Perhaps these voices do not persuade you that encouraging protests where violence is likely will empower oppression instead of changing things for the better. If so, take a look at the exultation over the riots on social media from truly oppressive countries like China and Russia – countries where peaceful protesters are imprisoned or are simply shot by national military forces.

In America, by contrast, our right to peacefully protest was written into the Constitution, has been upheld by our legal system over the centuries, and continues to be praised today by national public officials. Of course, this history of American freedom includes the ongoing story of struggle against deeply embedded racism. And that history also must be understood, especially by those inclined to denigrate most protesters’ intentions or to dismiss all protesters as malevolent rioters.

But this underscores a problem underlying continuing racism on the one hand, and continuing riots on the other: a lack of civic understanding of what American freedom means and what it requires.

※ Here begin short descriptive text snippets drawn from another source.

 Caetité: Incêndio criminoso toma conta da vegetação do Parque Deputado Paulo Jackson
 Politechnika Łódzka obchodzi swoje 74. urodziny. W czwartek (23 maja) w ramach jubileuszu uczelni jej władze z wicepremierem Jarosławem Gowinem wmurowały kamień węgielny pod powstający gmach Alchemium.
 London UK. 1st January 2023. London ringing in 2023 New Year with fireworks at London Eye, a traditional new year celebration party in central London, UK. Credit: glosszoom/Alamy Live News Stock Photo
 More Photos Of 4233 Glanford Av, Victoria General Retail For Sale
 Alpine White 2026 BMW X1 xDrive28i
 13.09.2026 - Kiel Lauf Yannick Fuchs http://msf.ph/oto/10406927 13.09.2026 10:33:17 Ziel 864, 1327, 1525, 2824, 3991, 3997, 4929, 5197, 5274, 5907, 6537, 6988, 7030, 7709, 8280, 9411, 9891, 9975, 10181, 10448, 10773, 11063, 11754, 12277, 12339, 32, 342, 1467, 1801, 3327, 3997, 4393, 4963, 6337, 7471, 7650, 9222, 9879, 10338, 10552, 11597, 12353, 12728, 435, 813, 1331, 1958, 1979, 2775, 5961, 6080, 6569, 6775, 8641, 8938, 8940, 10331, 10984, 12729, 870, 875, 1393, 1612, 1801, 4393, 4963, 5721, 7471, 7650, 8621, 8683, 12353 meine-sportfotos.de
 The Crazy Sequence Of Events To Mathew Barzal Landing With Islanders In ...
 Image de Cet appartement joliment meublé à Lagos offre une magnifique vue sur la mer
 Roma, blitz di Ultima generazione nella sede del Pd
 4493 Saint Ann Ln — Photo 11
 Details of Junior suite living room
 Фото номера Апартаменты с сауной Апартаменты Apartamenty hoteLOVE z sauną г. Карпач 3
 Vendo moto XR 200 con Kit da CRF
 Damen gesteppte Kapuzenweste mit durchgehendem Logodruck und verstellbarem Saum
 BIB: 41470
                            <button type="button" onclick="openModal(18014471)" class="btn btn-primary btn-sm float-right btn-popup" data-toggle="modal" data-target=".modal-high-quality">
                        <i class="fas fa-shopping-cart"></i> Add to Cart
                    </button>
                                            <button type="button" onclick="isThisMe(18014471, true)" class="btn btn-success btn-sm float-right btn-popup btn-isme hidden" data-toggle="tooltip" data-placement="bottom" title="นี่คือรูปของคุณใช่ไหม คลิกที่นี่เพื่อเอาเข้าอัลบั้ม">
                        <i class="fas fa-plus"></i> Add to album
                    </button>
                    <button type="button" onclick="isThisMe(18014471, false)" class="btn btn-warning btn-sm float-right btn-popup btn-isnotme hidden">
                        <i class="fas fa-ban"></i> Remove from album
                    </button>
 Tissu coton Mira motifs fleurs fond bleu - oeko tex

This is a failing not of our national morals, principles or character, but of our educational system and of families’ ability to transfer understanding of equality and freedom to future generations.

Perhaps, then, the solution to our racial divide begins not with police reforms or restoring law and order – though both are obviously needed – but with changes to how we educate young people about American freedom and equality, and how it is achieved. Then, rather than looking to impassioned protests that invite violence, we might instead start looking in the mirror. Because in all democratic societies, systemic change begins with the people, not their leaders.

As Martin Luther King Jr. said, “Violence begets violence.” Violence empowers the racism that is, in the end, a deeper and more insidious form of violent oppression. If we gain a proper civic understanding of freedom and equality, along with the tools of peace required to extend them to the oppressed, then the cycle can end with us.